GOP hopefuls fail to wow Iowans

WAUKEE, Iowa – Just five months before they cast the first votes of the presidential campaign, Republican voters across Iowa are still not convinced that any one candidate running for the party’s nomination has the chops to beat President Obama.

At campaign events and meet-and-greets with candidates across the state, few voters say they have made up their minds to back a specific candidate — and even those who have picked one admit that they would welcome a newcomer to the race.

“I thought I would be set in my ways by now, but I’m not,” said Worthin Grattan, 74, of Grinnell, Iowa, following a town-hall-style event with former Minnesota Gov. Tim Pawlenty.

He was impressed by Pawlenty, but then again, “the guy sitting beside me showed me a brochure about [Texas Gov.] Rick Perry and how he’s created more jobs in Texas than any other state — now that’s something,” he said.

Perry, who has been flirting with the idea of running for weeks, might be a game-changer for retired pastor Wayne Mullen of Waukee, Iowa. Mullen is supporting Minnesota Rep. Michele Bachmann but said he would reconsider if Perry jumps into the race. “Anything but Obama,” he said. “Because of him, the country’s going to hell in a handbasket.”

Mullen’s not alone: More than two-thirds of Iowa voters who backed a candidate in a recent Des Moines Register poll said they could be persuaded to vote for someone else.

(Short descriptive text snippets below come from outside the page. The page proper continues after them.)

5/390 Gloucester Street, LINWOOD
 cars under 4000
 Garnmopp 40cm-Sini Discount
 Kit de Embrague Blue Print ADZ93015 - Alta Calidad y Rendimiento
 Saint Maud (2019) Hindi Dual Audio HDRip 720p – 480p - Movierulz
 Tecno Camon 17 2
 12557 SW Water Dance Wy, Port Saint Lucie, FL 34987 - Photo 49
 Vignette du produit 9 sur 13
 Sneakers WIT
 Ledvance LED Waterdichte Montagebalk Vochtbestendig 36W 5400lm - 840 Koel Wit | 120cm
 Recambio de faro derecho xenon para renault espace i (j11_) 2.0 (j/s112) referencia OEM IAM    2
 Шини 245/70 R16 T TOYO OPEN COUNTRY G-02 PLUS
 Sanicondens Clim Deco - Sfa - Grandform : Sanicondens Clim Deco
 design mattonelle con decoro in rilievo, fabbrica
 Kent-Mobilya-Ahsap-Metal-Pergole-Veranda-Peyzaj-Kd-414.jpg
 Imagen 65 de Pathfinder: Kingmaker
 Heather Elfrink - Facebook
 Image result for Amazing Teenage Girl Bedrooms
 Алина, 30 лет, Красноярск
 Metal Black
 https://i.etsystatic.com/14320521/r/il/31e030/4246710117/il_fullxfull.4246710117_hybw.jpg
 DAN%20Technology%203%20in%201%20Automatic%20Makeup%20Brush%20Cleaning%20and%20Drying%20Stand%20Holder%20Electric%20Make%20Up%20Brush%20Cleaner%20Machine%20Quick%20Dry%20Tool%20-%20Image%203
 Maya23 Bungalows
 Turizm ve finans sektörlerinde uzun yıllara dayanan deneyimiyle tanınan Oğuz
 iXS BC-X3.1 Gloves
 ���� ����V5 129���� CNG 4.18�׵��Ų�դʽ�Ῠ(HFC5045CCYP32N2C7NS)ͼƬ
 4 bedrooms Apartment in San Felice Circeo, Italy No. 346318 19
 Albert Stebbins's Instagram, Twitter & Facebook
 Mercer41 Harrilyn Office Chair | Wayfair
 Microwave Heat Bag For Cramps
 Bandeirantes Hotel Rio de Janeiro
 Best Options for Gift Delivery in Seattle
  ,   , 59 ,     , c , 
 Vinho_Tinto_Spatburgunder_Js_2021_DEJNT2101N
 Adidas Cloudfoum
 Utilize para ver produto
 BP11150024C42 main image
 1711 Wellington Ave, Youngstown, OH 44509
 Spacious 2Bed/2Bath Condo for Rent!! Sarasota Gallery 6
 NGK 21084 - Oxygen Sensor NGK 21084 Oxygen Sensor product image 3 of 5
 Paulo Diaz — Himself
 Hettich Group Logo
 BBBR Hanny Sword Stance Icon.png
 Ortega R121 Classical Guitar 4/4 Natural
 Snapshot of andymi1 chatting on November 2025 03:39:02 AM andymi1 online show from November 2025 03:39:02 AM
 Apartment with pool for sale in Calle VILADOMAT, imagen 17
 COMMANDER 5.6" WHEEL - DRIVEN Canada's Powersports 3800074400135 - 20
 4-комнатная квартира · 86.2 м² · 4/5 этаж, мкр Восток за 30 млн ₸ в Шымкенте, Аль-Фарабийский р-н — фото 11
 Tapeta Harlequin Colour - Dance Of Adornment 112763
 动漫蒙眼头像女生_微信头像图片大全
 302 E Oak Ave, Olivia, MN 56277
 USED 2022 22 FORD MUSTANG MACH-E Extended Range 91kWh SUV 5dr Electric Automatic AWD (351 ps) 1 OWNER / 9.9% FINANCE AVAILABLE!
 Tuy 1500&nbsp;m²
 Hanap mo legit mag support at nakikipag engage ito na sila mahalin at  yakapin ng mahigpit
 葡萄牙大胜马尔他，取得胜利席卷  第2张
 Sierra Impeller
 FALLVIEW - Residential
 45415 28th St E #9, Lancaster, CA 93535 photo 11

Meanwhile, some voters, like retired Lutheran pastor Jerry Laehn, are simply looking to be persuaded by, well, anyone.

Reacting to a Pawlenty speech, Laehn shrugged and remarked, “It was expected.”

The Republican presidential candidates are descending on Iowa this week ahead of a debate Thursday and an influential straw poll on Saturday.

“You need to have the excitement factor — the ability to really rev up the masses — to beat a candidate like Obama, and none of these candidates so far have that,” said a Republican operative in Iowa who spoke on the condition her name not be used because she hasn’t endorsed a candidate. “I think Michele Bachmann has that energy, but she’s far too socially conservative to win the general election.”

Iowa is critical for Bachmann, and she is banking on her conservatism to propel her to a strong showing in Saturday’s straw poll and, ultimately, Iowa’s first-in-the-nation caucuses in February.

“I’m thinking about supporting [Bachmann] — even though I’m uneasy about the fact that she’s a woman — mainly because I know the Bible is very dear to her,” said David Gaumer, a retired federal employee of 34 years from Clive, Iowa.

Gaumer’s wife, Ray, gushed over Bachmann and called the rest of the candidates “milquetoast.”

Ray Gaumer said she’s a new convert to Bachmann’s campaign after former Massachusetts Gov. Mitt Romney waited until the last minute to take a stand against the debt deal that Obama and Congress brokered to avoid a government default.

Romney has consistently topped all the latest nationwide polls but decided to skip campaigning in Iowa and instead focus on the first two primary states of New Hampshire and South Carolina.

“I’m really [mad] at Romney right now,” Gaumer said. “When we needed him, he didn’t show up.”